No matter how high and wide the cages were stacked, was the space too narrow to contain them?
But now it feels good.
“I failed.”
She sat in the cage and quietly stretched out her hand to pet the only bird left next to her.
It’s safe to say that it’s barely breathing anymore, a slender and beautiful bird.
“But just because you failed, don’t think I’ll just accept it.”
She looked up at the sky and petted the bird, and was soon able to find the part she wanted.
A very thin neck that connects the bird’s thin body to its head, which struggles to keep its eyes open.
She started pressing it gently.
Isabella grabbed the lamp next to her bookshelf where she had placed her bottle, brought it to the window, and opened the window. Feeling the slightly cool night air, she lifted the candle above the lamp to her mouth.
“Huh.”
All too easily, the flame died down before the wind. Leaving behind a faint smoke.
After Isabella closed the window again, she turned to face Mason.
Her brown eyes were hard to see in the dark, but I felt they were aimed at her.
“Sister.”
Isabella spread her arms and leaned in. In her dark bed, she felt Mason’s body in her arms, leaning against her head.
Warm, soft.
It was the embrace of her older sister, whom she always missed.
“Let’s stay like this for a moment.”
Isabella whispered with sincerity. She thought that perhaps she was the most honest version of herself she had ever seen.
Now that the play, which may be her last work, is coming to an end.
Before she put a period to the last paragraph, she wanted to allow herself to enjoy the moment.

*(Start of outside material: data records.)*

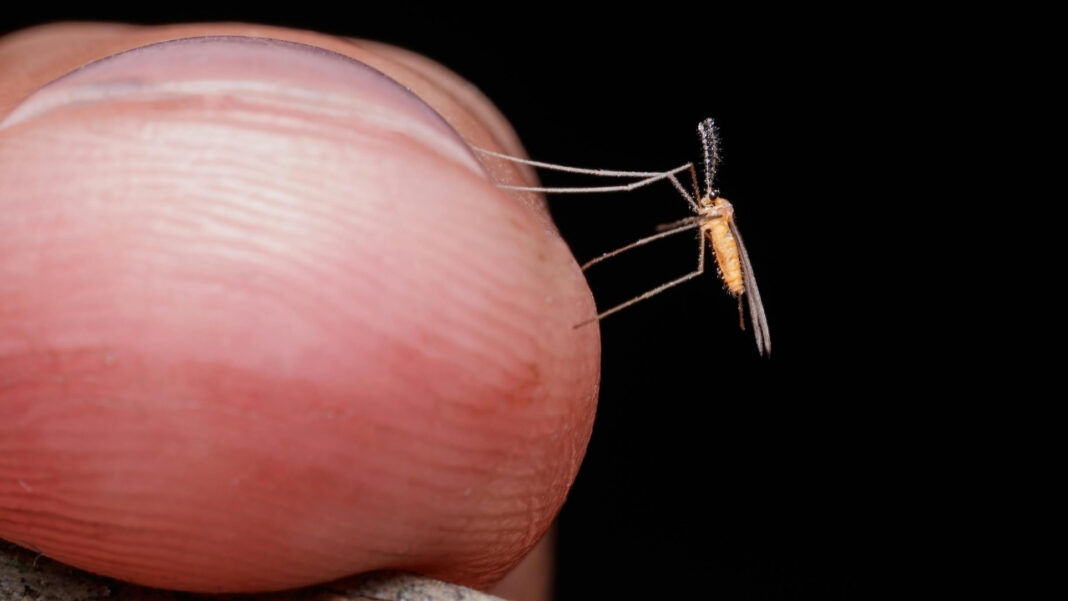 Why Mosquitoes Always Buzz Around Your Head – The Surprising Reason Behind It Why Mosquitoes Always Buzz Around Your Head – The Surprising Reason Behind It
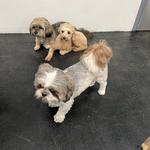 Dogtopia of East Pasadena - photo 9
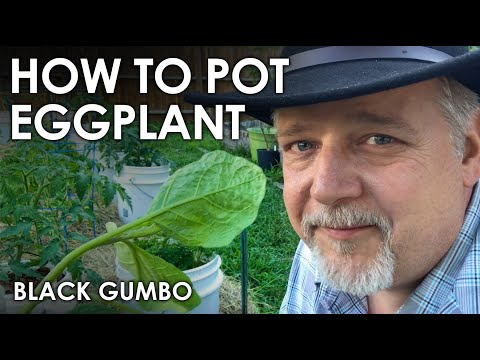 How to Grow Eggplant in Containers || Black Gumbo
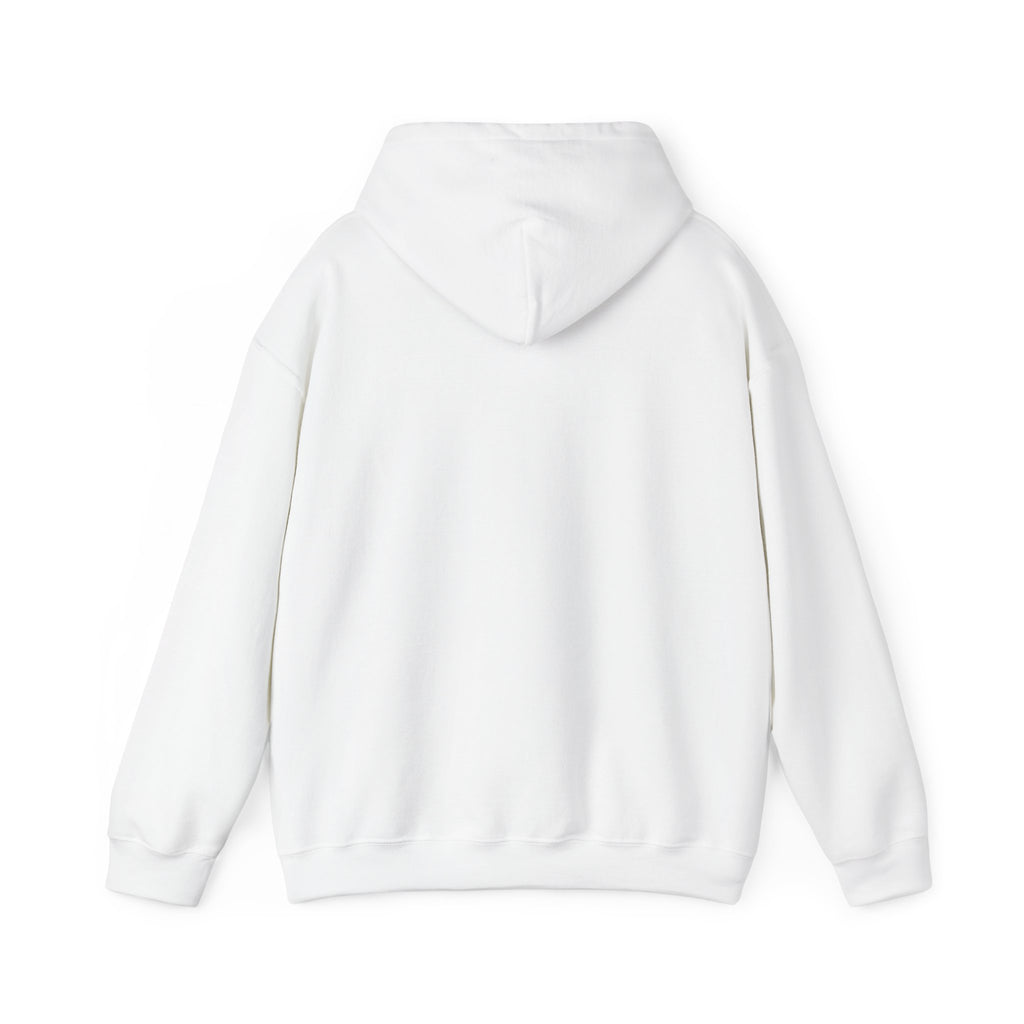 Hoodie — “Double-Blind Still Observing” Minimalist Researcher Pullover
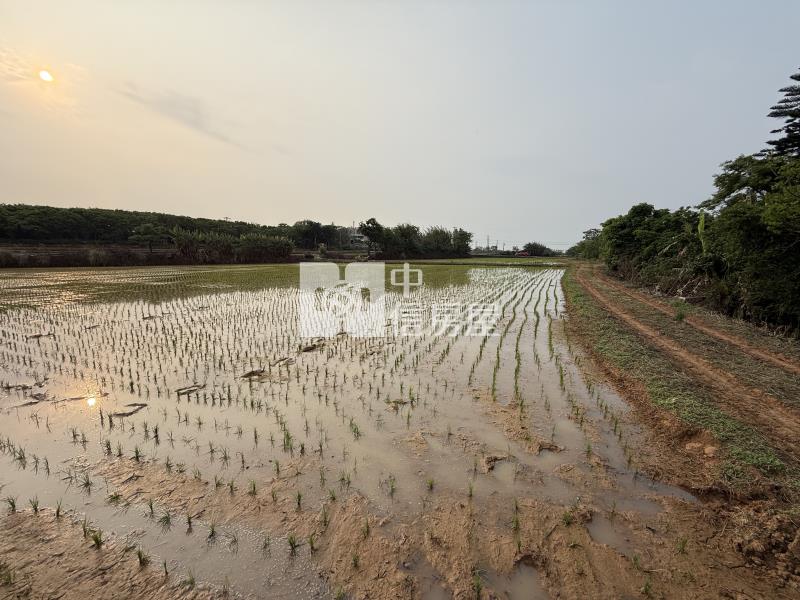近青埔高鐵南路美農地(低於實登)房屋室內格局與周邊環境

Mason was still sitting on the bed, drunk from her fatigue.
Isabella’s embrace was less terrible than she remembered, and somehow evoked a sense of nostalgia in her.
It must have been a strange dream. If she were awake, there is no way she would have felt this way toward Isabella.
But I couldn’t deny that it was a better dream than the bizarre nightmares I always experienced.
So she let Isabella hug her, closing her eyes as her arms slowly approached her. Little did I know that the next morning, the wine bottle and glass would still be on the bedside table.
The next morning, the rainy season began pouring down from the sky in earnest.
Many servants wandered around her mansion looking for Isabella, but no one could find her.